[Review + Photos] Salvador Dali Parton | The High Watt, Exit/In, FooBar | 10/27/13

Salvador Dali Parton

Photo by Jake Giles Netter

Salvador Dali Parton (featuring Winston Marshall [Mumford & Sons], Justin Hayward-Young [The Vaccines], Gill Landry [Old Crow Medicine Show], Mike Harris [Apache Relay], and Jake Orrall [JEFF The Brotherhood])
Various Venues, Nashville, TN
October 27, 2013
Review by Matt Hall and Philip Obenschain
Photos by Jake Giles Netter

Several of us No Countrians were checking out various shows around Nashville on Saturday night, but we made it a point to at least stop in to see what all of the hullabaloo was about with Nashville’s newest supergroup Salvador Dali Parton and their epic six show run through town that night.  As we told you last week in the preview, these 5 talented musicians got together last Thursday to write the songs.  They practiced the material on Friday and, on Saturday, they performed six identical sets at venues across Nashville.

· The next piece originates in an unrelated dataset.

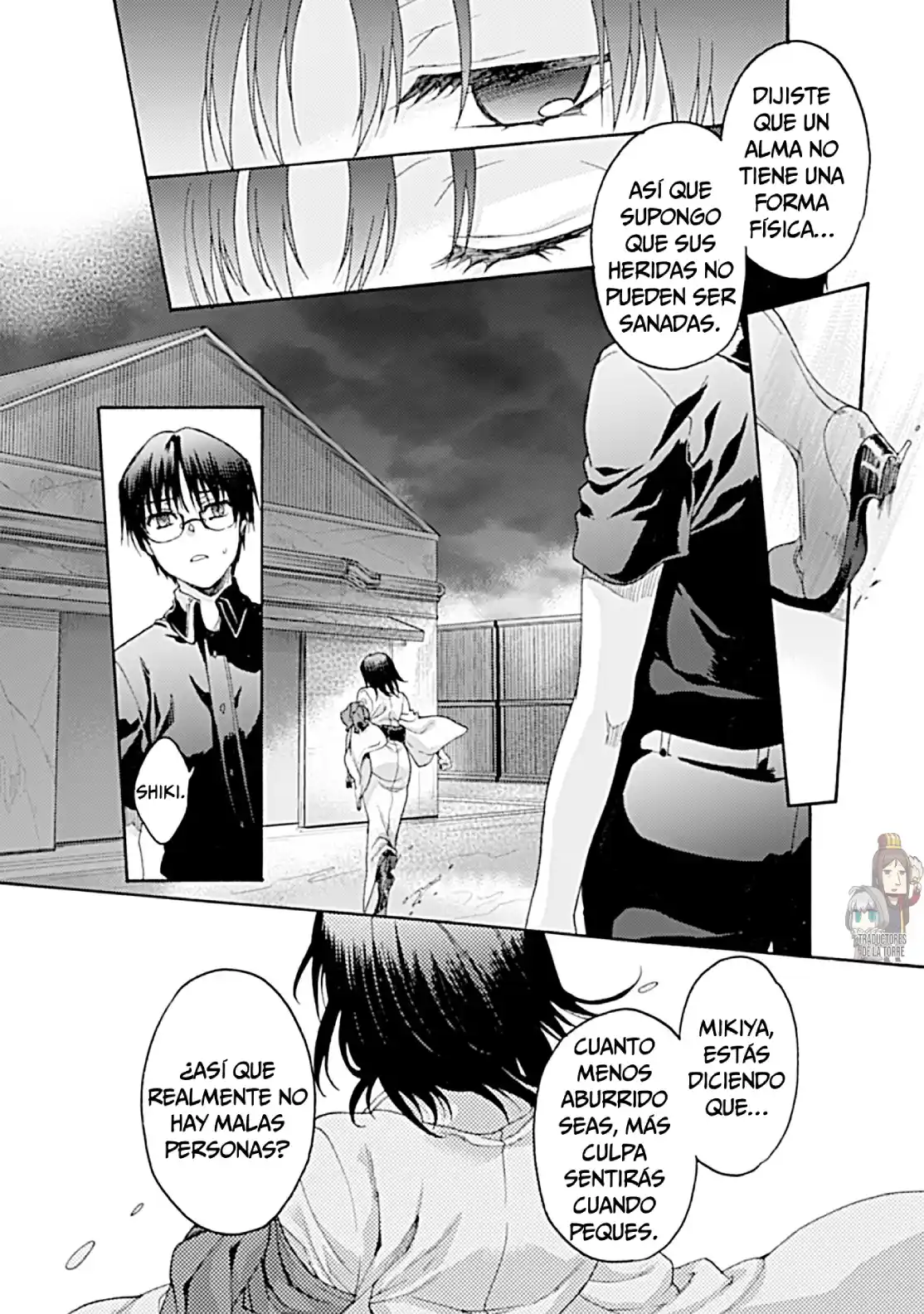 Kara No Kyoukai - The Garden Of Sinners - Capítulo 20 - Página 17 - LectorTMOo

In what have been little more than a publicity stunt (or an excuse to get free beers all over town), we caught their first set at The High Watt, saw them again at Exit/In, and then wound things up with their final show at fooBar.  You can check out our full rundown of exactly what happened, below, along with some badass photos from Jake Giles Netter which will clearly be stolen by every other publication in the country.

The Guardian, Billboard, NME, and several other heavy-hitters picked up on Salvador Dali Parton ahead of their performances. Between the combined reach of those rags and the star power of STP’s members, we didn’t know what kind of crowd to expect. So, of course, we arrived at The High Watt way too early (nothing can get Nashville to a show at 6:45, apparently). The one advertised venue performance of the night that was totally free and not part of another show, we would have expected a packed room. By the time the band took the stage, donning Halloween costumes (Hayward-Young as a monk, Marshall in drag, Orrall as a knock off Karate Kid, Landry as a rabbi, and Harris as Gene Simmons), attendance had picked up a bit. Though we had an idea of what we were in for, much of the audience, especially the obvious Mumford and Old Crow fans, probably weren’t clued in to The Anal Beatles (a similar, prior one-off group which shared 3/5 of STP’s members), and reacted with an equal balance of confusion and giddiness. True to expectations, Salvador Dali Parton’s sound wavered somewhere in the territory of sludge and stoner metal, droning on with calculated, borderline satirical aggression, and taking a cue from early hard rock bands on the ’70s. Hayward-Young, who sang lead, took the stage in a full hood, donning a knockoff lightsaber, launching into what would be a surprisingly rehearsed set for such an impromptu project (they are professionals, after all). Orrall, normally a frontman, took over drumming duties, and proved to have some impressive chops, especially on a drum heavy tune towards the end. Harris played bass while Landry and Marshall, the latter primarily known as a banjo player, handled guitar duties. Through the six song, 20 or so minute set, the “joke” aspect of the whole thing began to disappear; sure, five established (and some quite famous) musicians were performing sloppy stoner metal in Halloween costumes, and clearly having a lot of fun in doing so, but, in a way, isn’t that what rock and roll is about? The group ended with a hardcore punk track, a perfect chaotic finale to a weird, fun, first show, before jetting out to make show two.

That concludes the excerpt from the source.